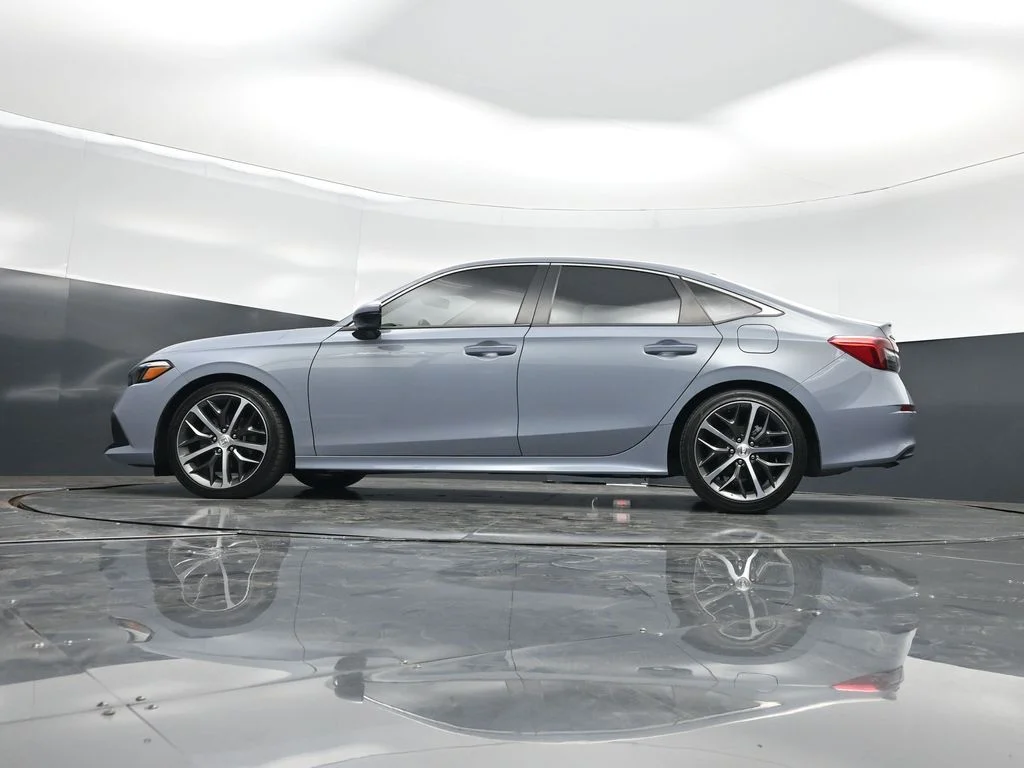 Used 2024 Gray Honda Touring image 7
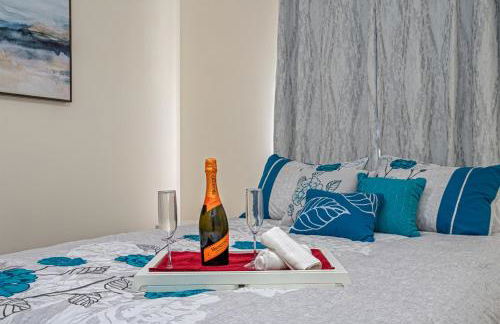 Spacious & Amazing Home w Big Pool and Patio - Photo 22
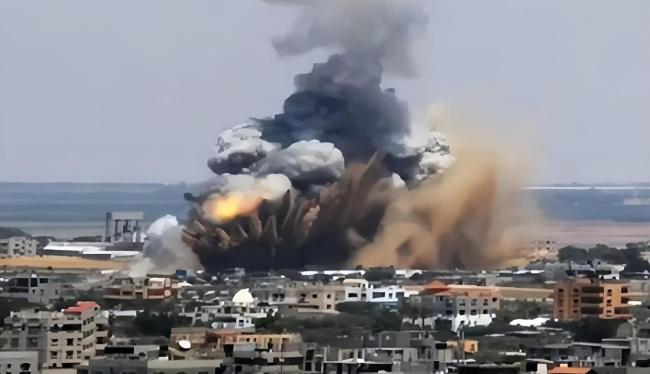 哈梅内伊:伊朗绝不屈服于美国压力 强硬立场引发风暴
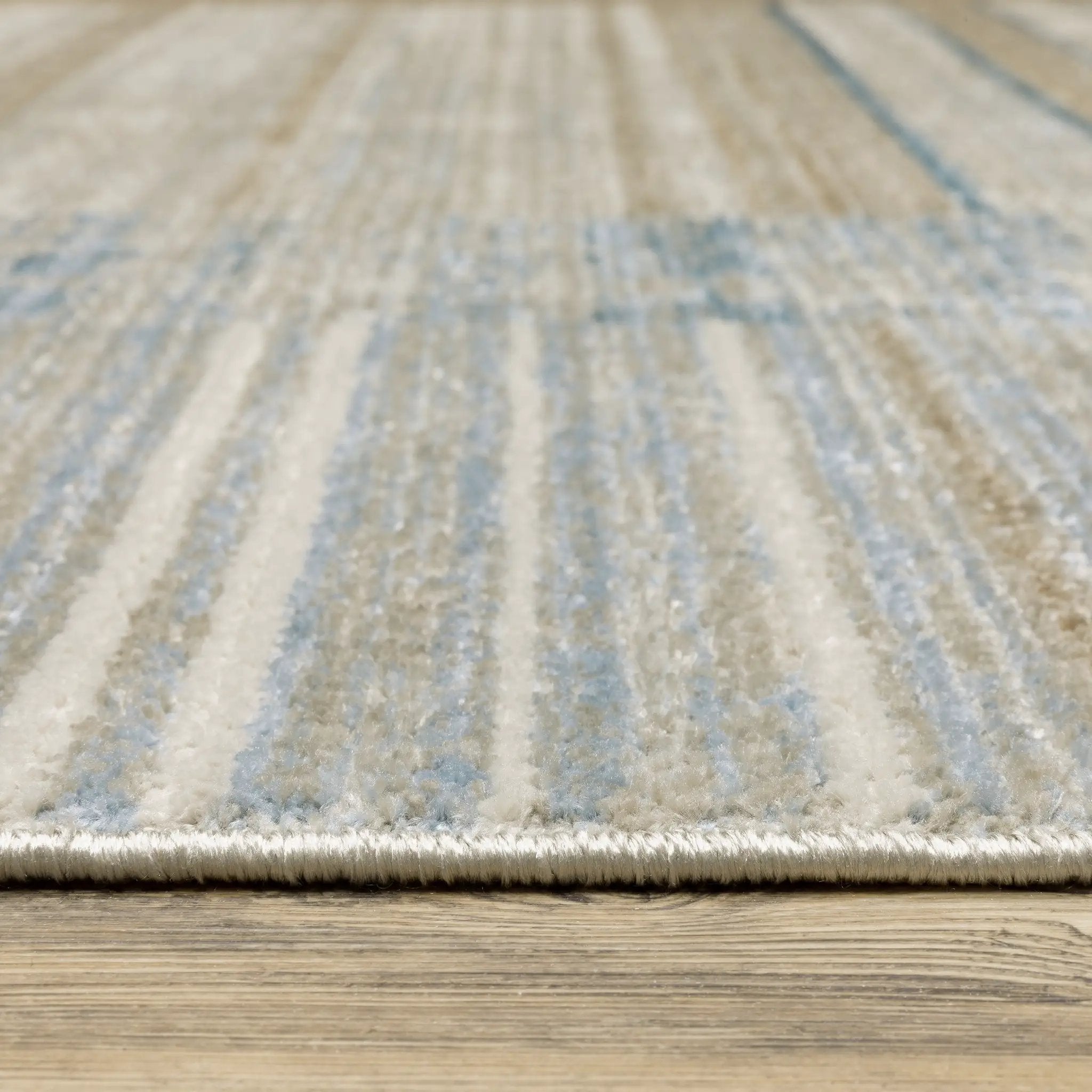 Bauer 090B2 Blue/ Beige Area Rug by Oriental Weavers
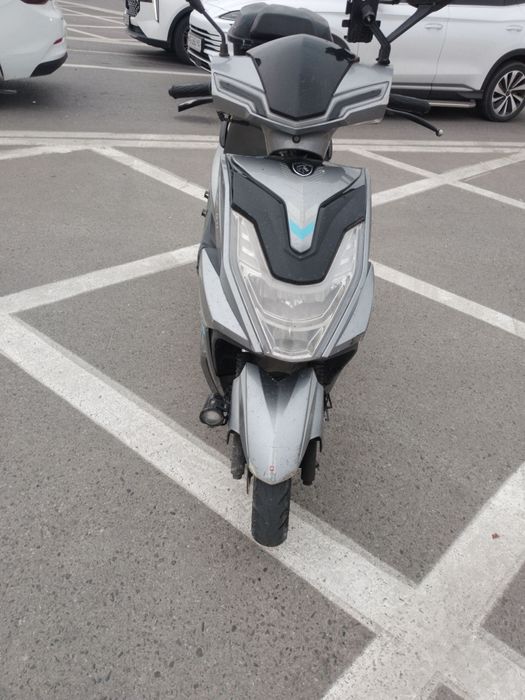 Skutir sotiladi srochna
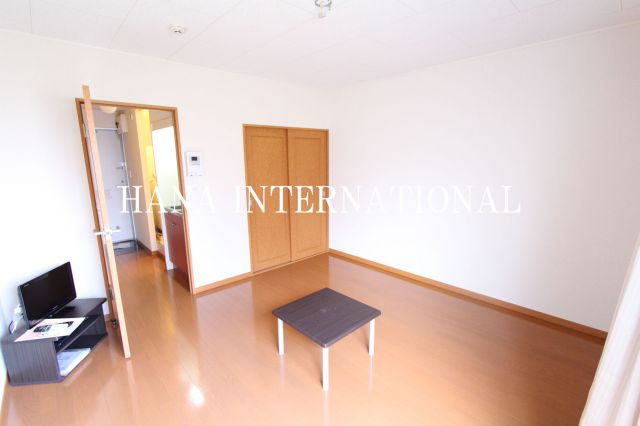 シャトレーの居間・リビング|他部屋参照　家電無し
·····
Only the text of the records belongs in the answer, printed exactly and without pictures.

 Used 2024 Gray Honda Touring image 7
 Spacious & Amazing Home w Big Pool and Patio - Photo 22
 哈梅内伊:伊朗绝不屈服于美国压力 强硬立场引发风暴
 Bauer 090B2 Blue/ Beige Area Rug by Oriental Weavers
 Skutir sotiladi srochna
 シャトレーの居間・リビング|他部屋参照　家電無し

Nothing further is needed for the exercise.